Mas a vontade, que nos mobiliza e se realiza de variadas maneiras, não tem pretensão de chegar, não tem objetivos, nem tem grandes compromissos com a verdade. Perceba. Porque o engano, a fantasia, a ilusão, a criação, como queira, quer satisfazer um desejo, sem satisfazer qualquer necessidade. De modo que estas palavras aqui impressas, não matarão nem sede, nem fome. Aliás, mal matarão seu tempo. Mas ainda assim, me salvarão. Estas palavras em forma de crônica são as pegadas percorridas pela libido que me guia, me salva e alivia.
Descobrimentos... Já disse, o caminho é absolutamente desconhecido. Escrevo para descobrir. E porque há prazer, há também uma colher de culpa. (Escrevo, ainda assim). É uma ação que busca (criar pra satisfazer).
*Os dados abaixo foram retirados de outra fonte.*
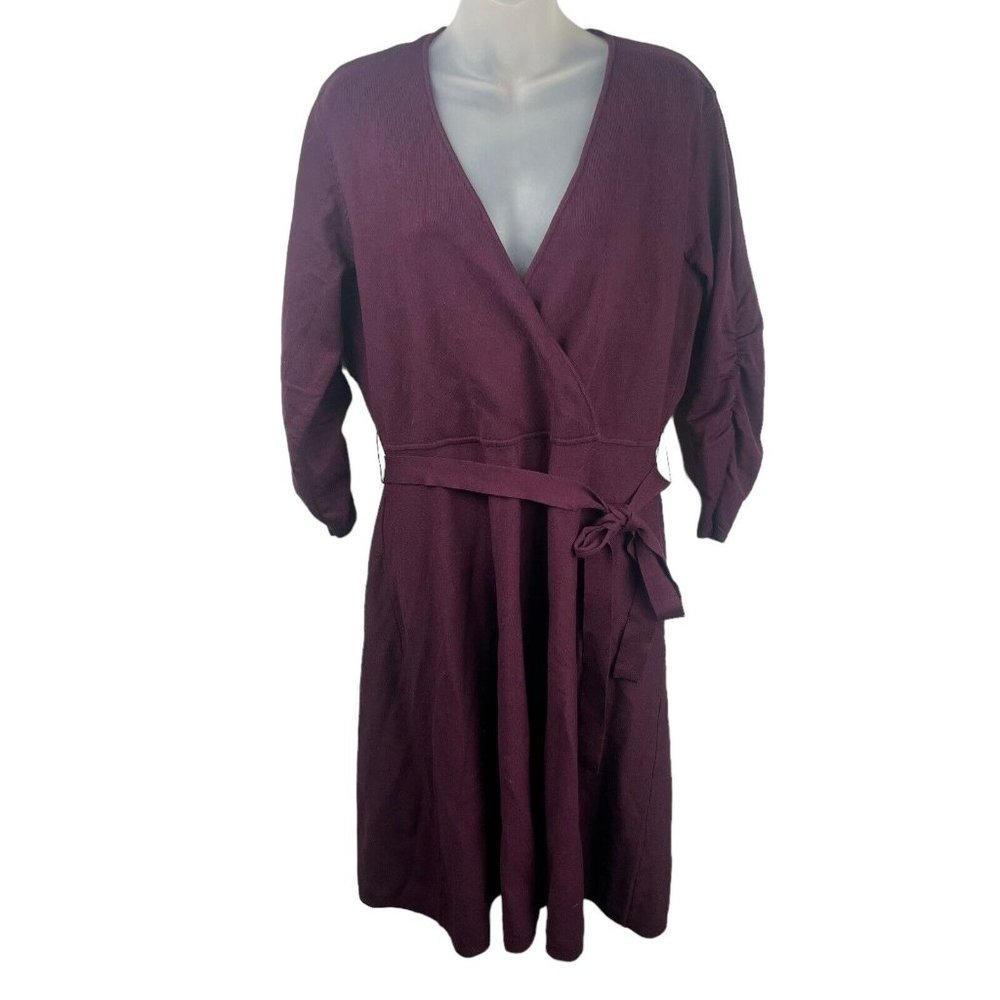 Eliza J Faux Wrap Purple‎ A-Line Removable Belt Jersey Dress Women's Size XL
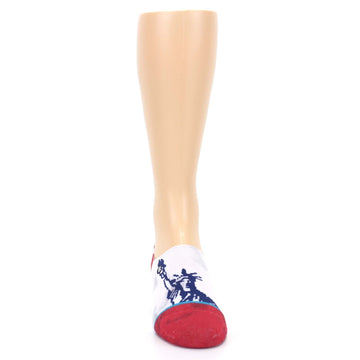 White Blue Red Lady Liberty Socks - Men's No Show Socks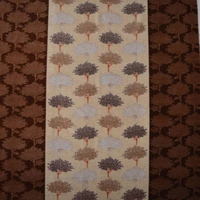 Panipat Textile Hub Polyester Eyelet Brown Printed Design curtains Pack of 2 - Window (4x5 Feet)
Falando nisso, lembrei do que disse sobre o rímel, lá no início. Assim como na escrita, a intenção empregada quando se penteia os pêlos dos cílios com a cera negra, fica. Ela, a intenção, quer produzir sentido e o olhar, assim como o papel, obediente, se rende à marca do desejo.
Finalmente, em cada um de nós existe uma parte do cérebro que não foi sacrificada pela fundação do senso de realidade. E essa parte é essencialmente criativa. Ela cria e acredita. Acredita ser capaz, inclusive, de recriar a realidade. Por isso, quando ela diz "eu quero" também está dizendo "eu posso", ou pelo menos "acho que posso". E assim, cada molécula do corpo acompanha o "anti-raciocínio" – dos dedos dos pés às pontas dos cílios.
Nota final: por favor, não deixe de assistir ao filme do diretor Baz Luhrmann's "Elvis", nem tampouco ao documentário "Moonage Daydream" sobre a vida criativa de David Bowie. Ambos são sobre isso.